BEDÎ (el-Bedî) (91)
Varlıkları eşsiz ve benzersiz sanatkarane bir şekilde yaradan
Kur’an-ı Kerim’de:
İki Âyette “Bedî’u’s-semavati ve’l-ard” yani (göklerin ve yerin eşsiz yaratıcısı) anlamında, Allah’a nispet edilerek:Bakara 117/ En’âm 101 de geçer.
Allah, Mutlak Bedî’dir. Ezeli ve ebedi olarak benzersizdir. Ne Zât’ında, ne sıfatlarında, ne fiillerinde ne de O’na ait her hangi bir şeyde benzeri yoktur. Yaratmış olduğu her şey de benzersiz, eksiksiz ve kusursuzdur.

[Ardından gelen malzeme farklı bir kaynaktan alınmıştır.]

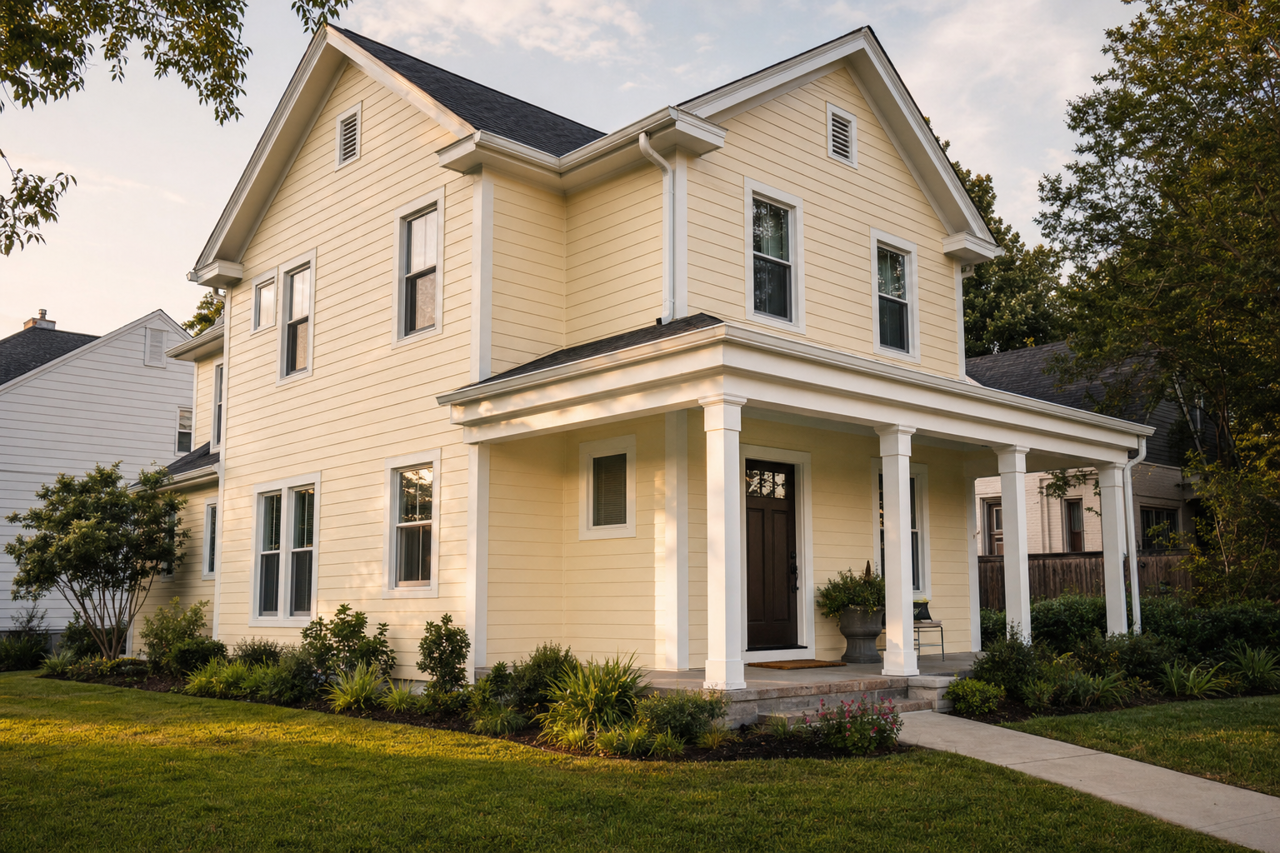 Pineapple Cream by Sherwin-Williams on exterior
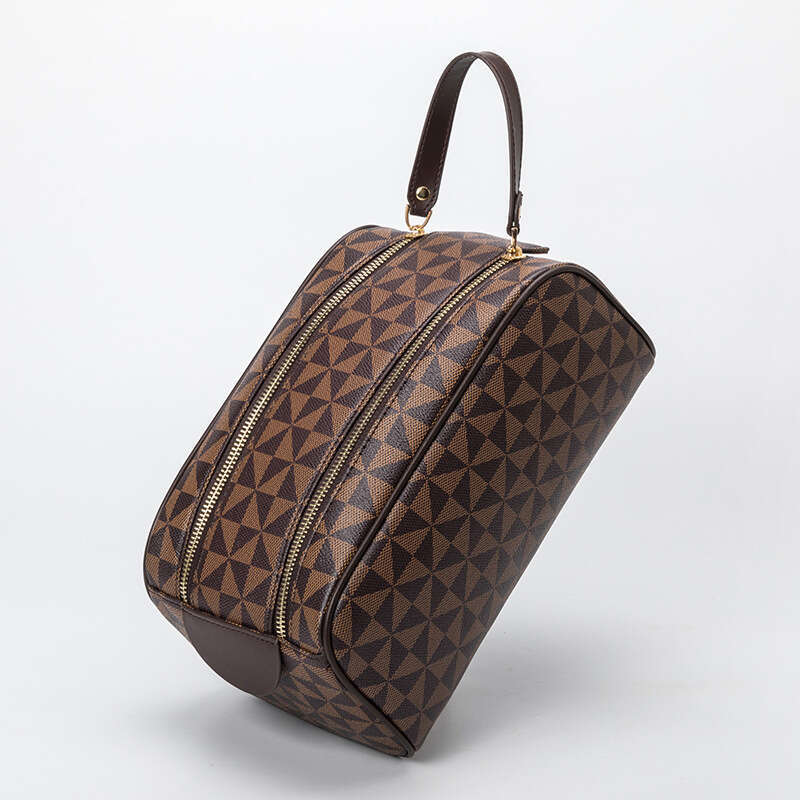 Lacel Urwebin Cosmetic Bags Portable Simple Double Zipper leather Makeup bag designer Tote Toiletry Storage Large Capacity Handheld Travel Cosmetic Ba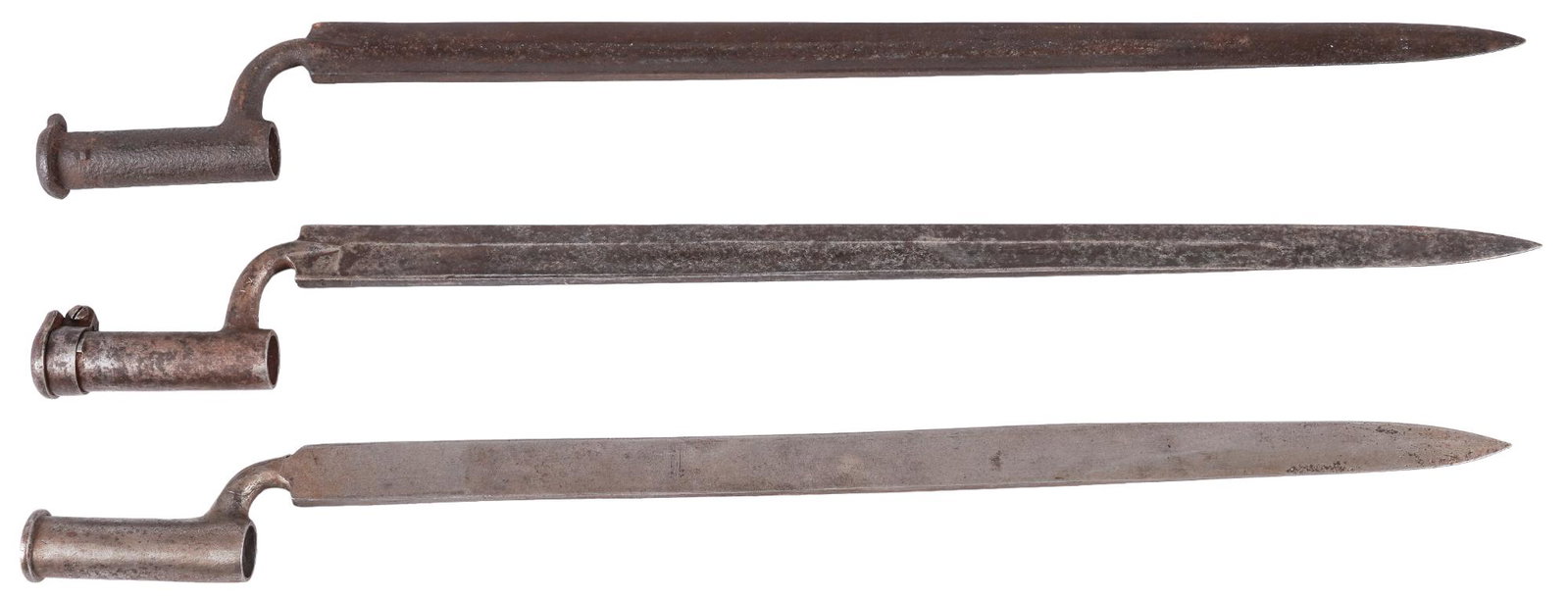 3 Blade Socket Bayonets Austrian 1849 & British 1841 Sappers: Models: (1 & 2) Austrian 1849 Jaeger rifle blade-socket bayonets (3) Indian-British 1841 Sapper & Miners blade-socket Bayonet Longest Blade Length: 23.5 in. Overall Length: 28.5 in. Conditions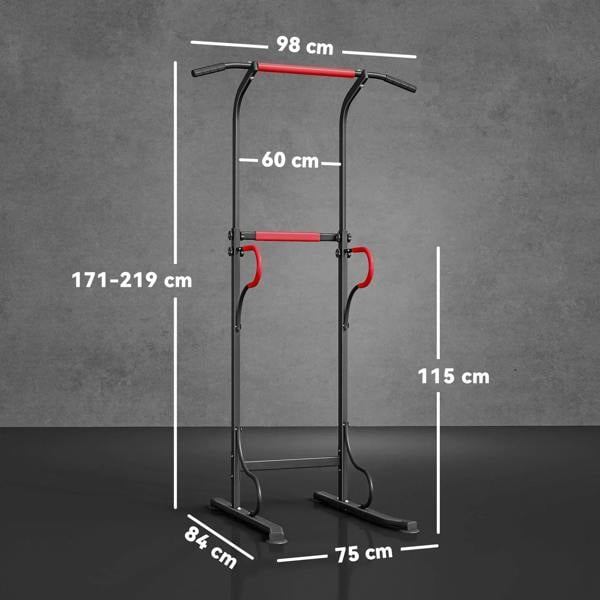 Adjustable power tower pull-up station with red bars and labeled height and width dimensions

Mahlûkatının yaşam şartlarına uyumlu olabileceği tarzda zâhirini yaratmakla birlikte, yaşamını en uygun sürdürebileceği şekilde derin anlayış ve iz’an vererek bâtınını da kusursuz yaratmıştır. Karıncanın çelimsizliği toprağı kazmasına mani değildir. Devenin su depolaması çöl yaşamı için en müsait yaratılış biçimidir. Su içinde yaşayana hava ihtiyacı verilmemiş, hava ile yaşayana suda yaşama imkânı verilmemiştir. Havada uçana kanat gerekmiş, ama yerde yaşayana kuvvetli ayak verilmiştir. Ölüden diriyi çıkarırken (toprağın canlanışı, ölü kalplerin dirilişi),diriden ölüyü çıkararak (nefsi etkisiz kılmak, ölmüş çocuğun annesinden çıkışı), çeşitli misallerle kudretini sanatkârane bir şekilde sergilemiştir. Âlemlerin yaratılışı hem fevkalâde bir düzen içinde, hem de insanoğlunun ihtiyacına cevap verecek ve göz, kulak gibi duyularına hitabedecek tarzdadır. Bütün sistemler yaratılışın ilk emri ile kendi kendine gibi işlemektedir. Her insanın ne iç âlemi ve ne de dışı birbirine benzemez. Milyarlarca insanın bu çokluğu yanı sıra, her biri tek başına bir âlemdir. Biri diğerinden farklı, davranışları, halleri arzuları, ahlâkları farklıdır.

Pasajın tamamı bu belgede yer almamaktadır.